=== Begin Enclosure ===

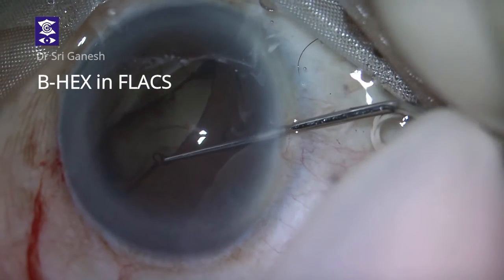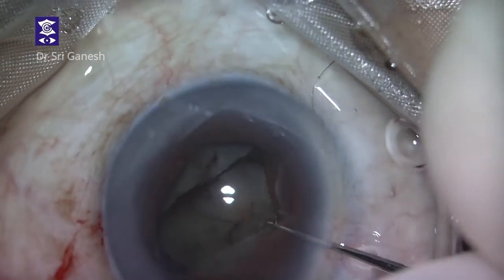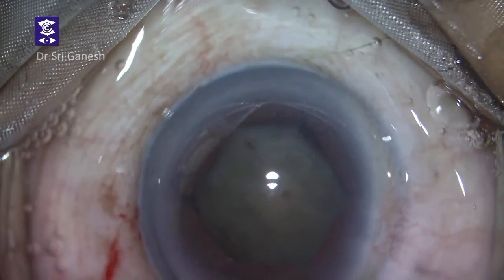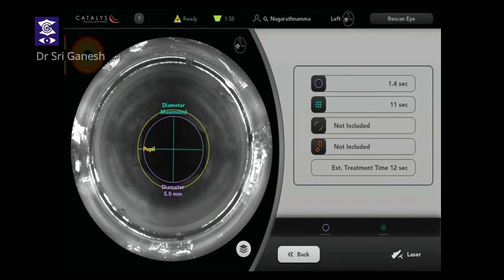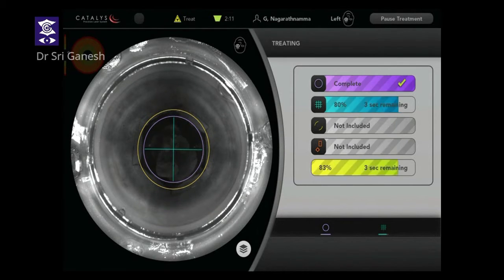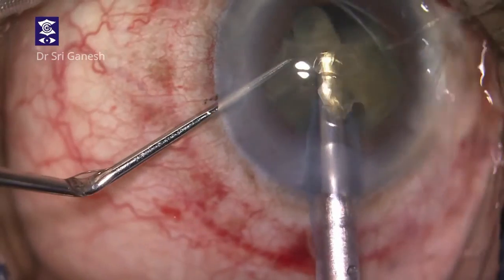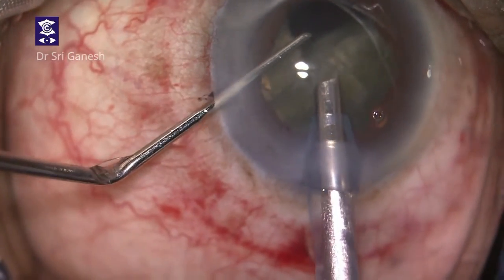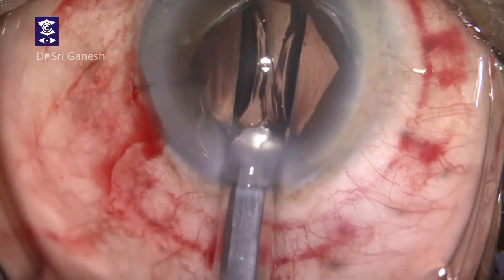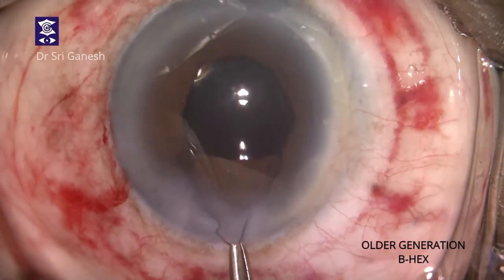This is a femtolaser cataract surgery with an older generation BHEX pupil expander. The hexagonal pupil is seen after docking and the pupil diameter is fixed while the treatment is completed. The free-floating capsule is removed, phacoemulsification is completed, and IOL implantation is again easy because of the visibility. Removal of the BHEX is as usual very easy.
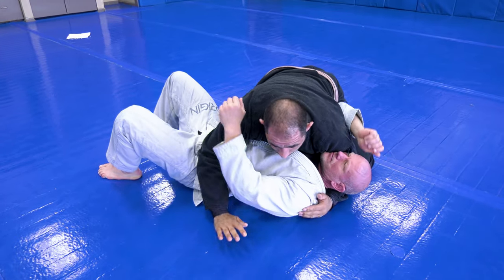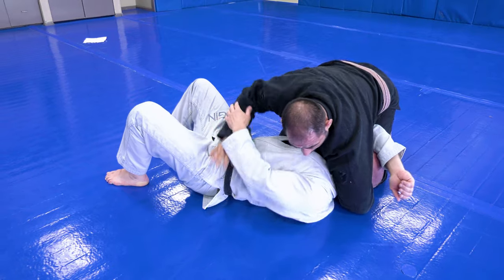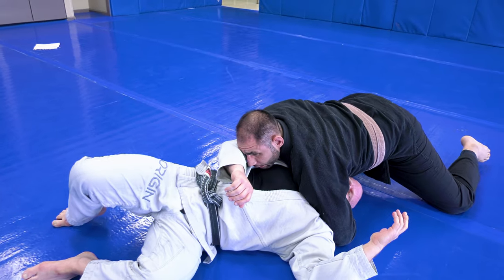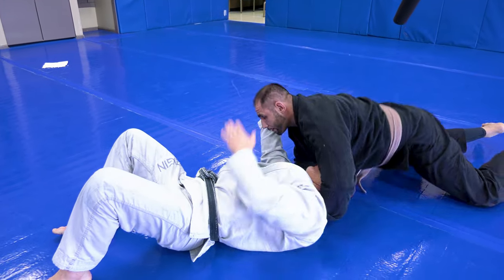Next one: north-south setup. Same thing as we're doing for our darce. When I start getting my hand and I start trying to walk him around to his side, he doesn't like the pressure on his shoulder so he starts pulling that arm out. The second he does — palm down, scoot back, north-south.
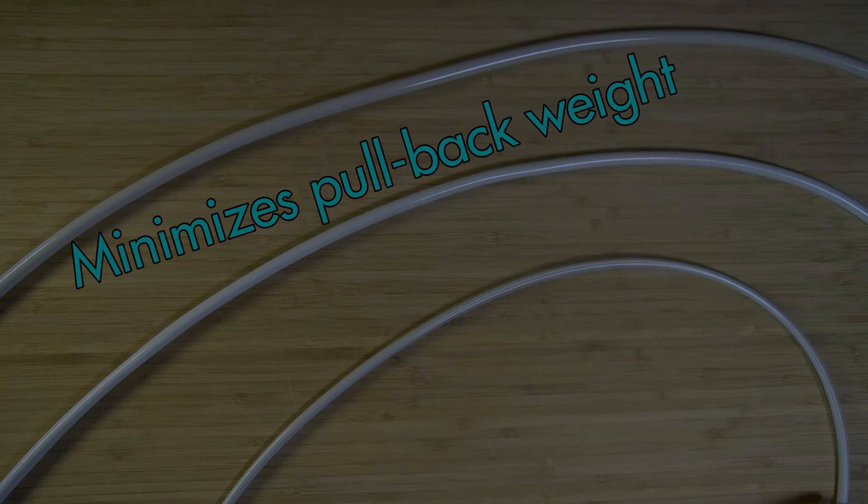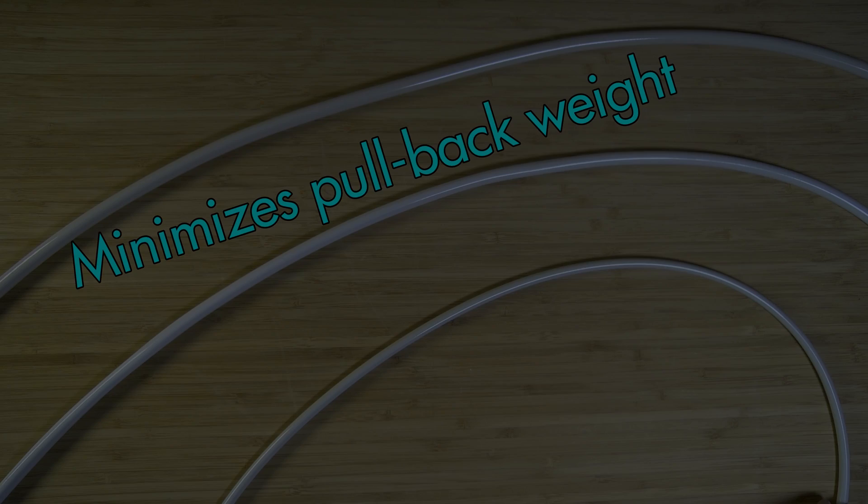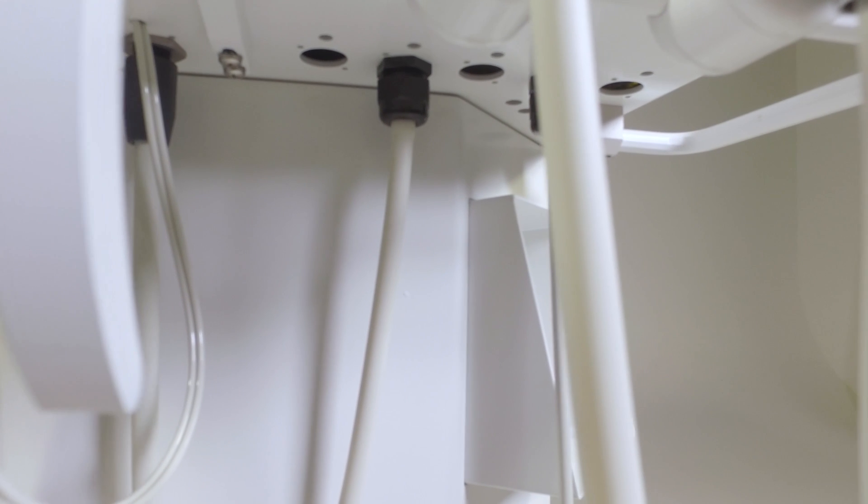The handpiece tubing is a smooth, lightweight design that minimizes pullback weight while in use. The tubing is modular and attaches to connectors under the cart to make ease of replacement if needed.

=== End Enclosure ===
=== Begin Enclosure ===

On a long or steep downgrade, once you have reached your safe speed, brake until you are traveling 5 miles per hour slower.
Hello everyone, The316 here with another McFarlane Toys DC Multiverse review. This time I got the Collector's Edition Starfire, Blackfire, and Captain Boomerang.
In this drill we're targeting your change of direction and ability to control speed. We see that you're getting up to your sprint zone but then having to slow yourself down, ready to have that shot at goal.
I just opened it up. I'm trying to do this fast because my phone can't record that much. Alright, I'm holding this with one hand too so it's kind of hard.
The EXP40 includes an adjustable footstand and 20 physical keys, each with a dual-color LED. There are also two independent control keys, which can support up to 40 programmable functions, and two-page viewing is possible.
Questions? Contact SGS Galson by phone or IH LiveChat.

=== End Enclosure ===
=== Begin Enclosure ===

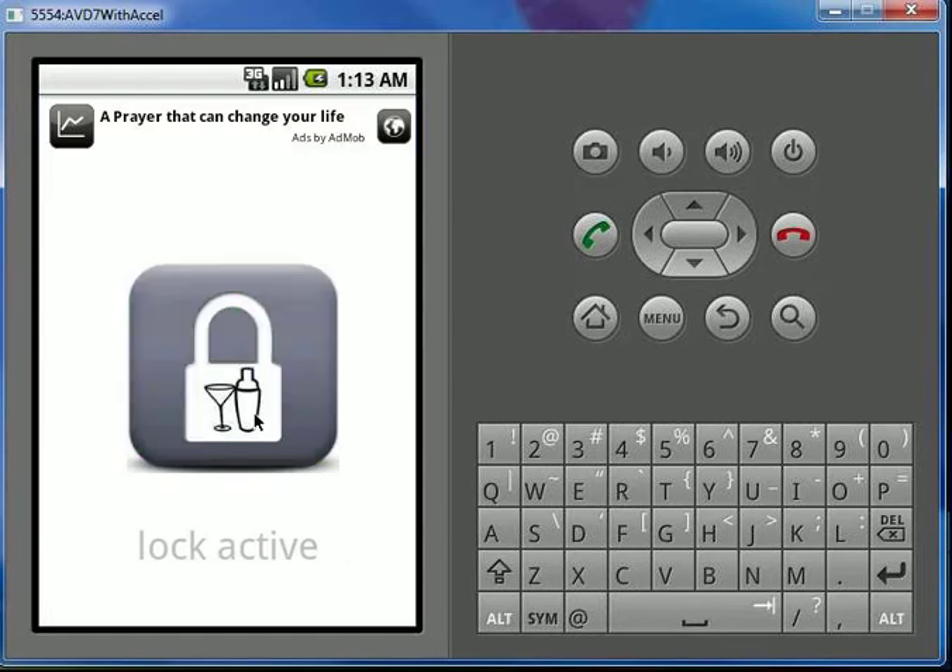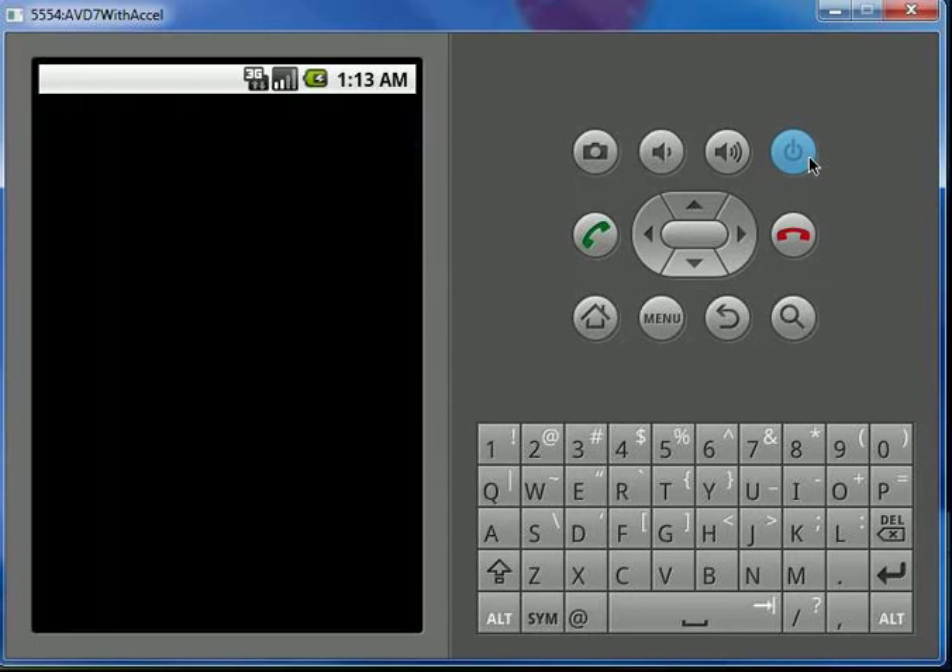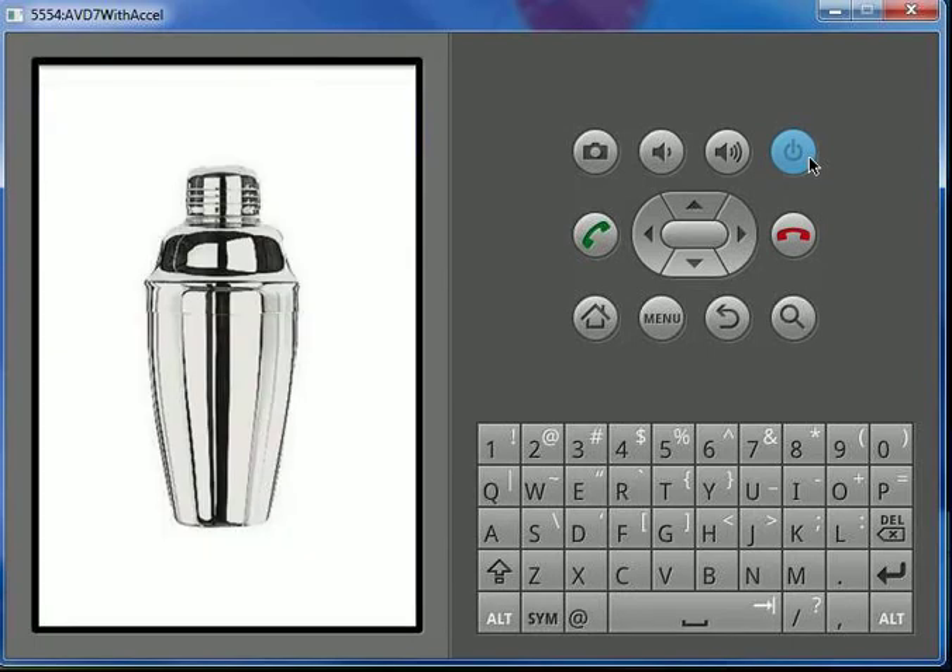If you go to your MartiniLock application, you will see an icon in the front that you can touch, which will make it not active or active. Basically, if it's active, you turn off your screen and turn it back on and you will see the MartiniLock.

=== End Enclosure ===

### REQUIREMENT:
Copy all lines from the entries that contain the word "phone".

### RESPONSE TO THIS TASK:
I just opened it up. I'm trying to do this fast because my phone can't record that much. Alright, I'm holding this with one hand too so it's kind of hard.
Questions? Contact SGS Galson by phone or IH LiveChat.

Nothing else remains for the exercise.